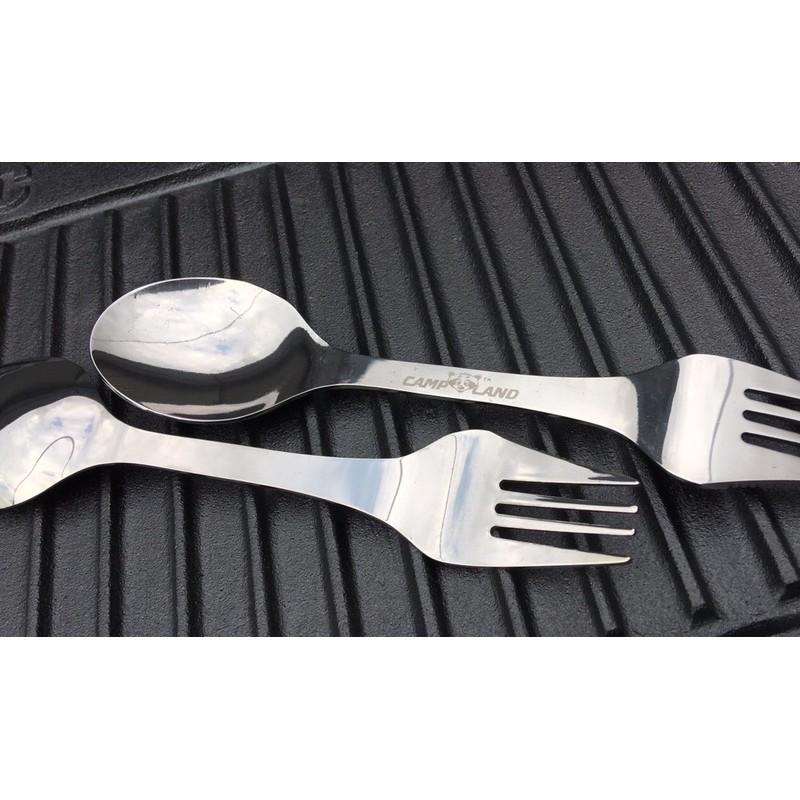 【露戰隊】 NEW 不鏽鋼雙頭三功能叉匙餐具(RV-AC215XX)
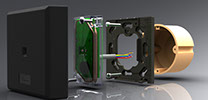 Solidworks file of a shipping product for the European Market done in Keyshot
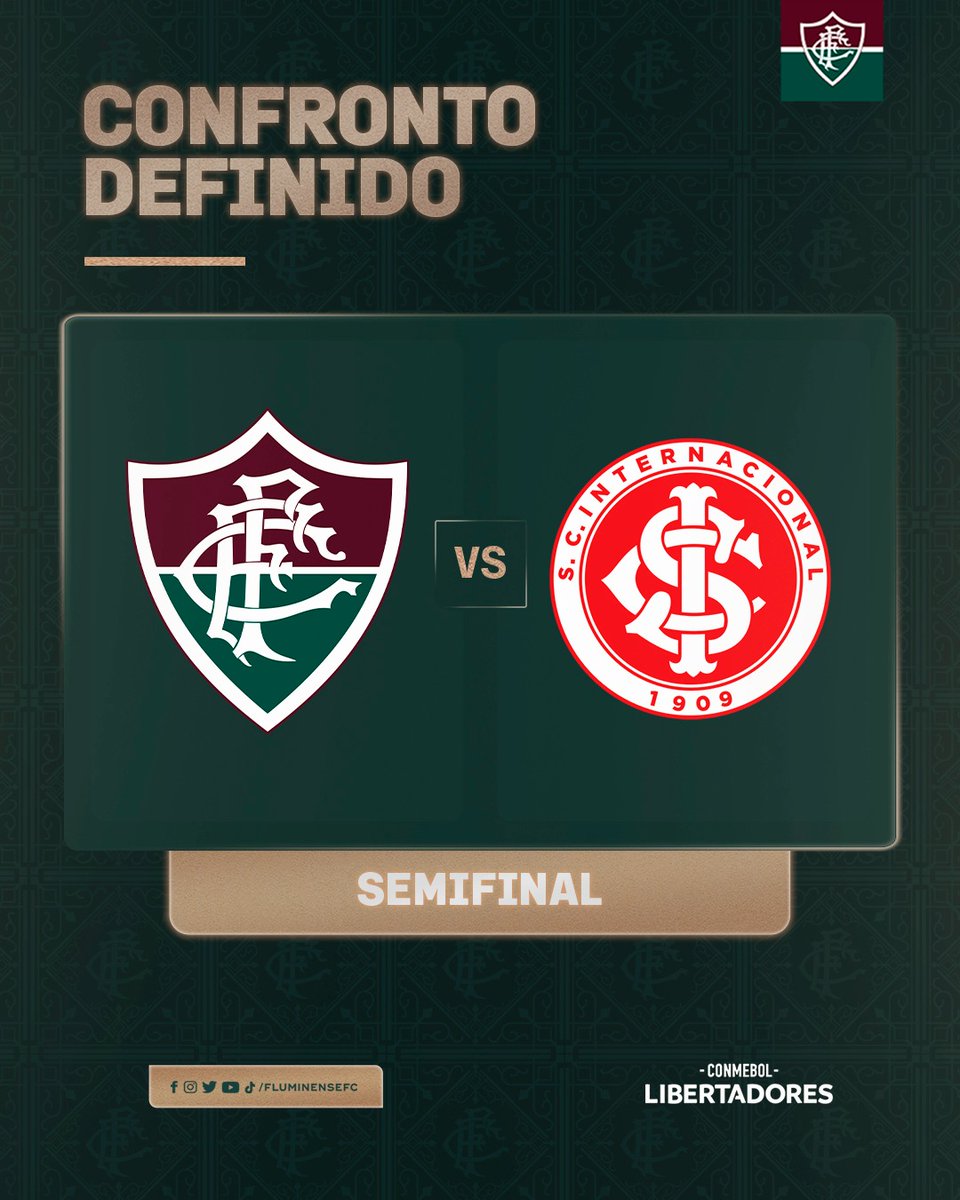 FluminenseFC's tweet photo. AS SEMIFINAIS VEM AÍ! O #TimeDeGuerreiros encara o Internacional na próxima fase da @LibertadoresBR! https://t.co/dZ8w8WXxSx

▶ [About this task]: Output the listing above exactly, but leave its pictures behind.

▶ [Answer to the problem]:
 【露戰隊】 NEW 不鏽鋼雙頭三功能叉匙餐具(RV-AC215XX)
 Solidworks file of a shipping product for the European Market done in Keyshot
 FluminenseFC's tweet photo. AS SEMIFINAIS VEM AÍ! O #TimeDeGuerreiros encara o Internacional na próxima fase da @LibertadoresBR! https://t.co/dZ8w8WXxSx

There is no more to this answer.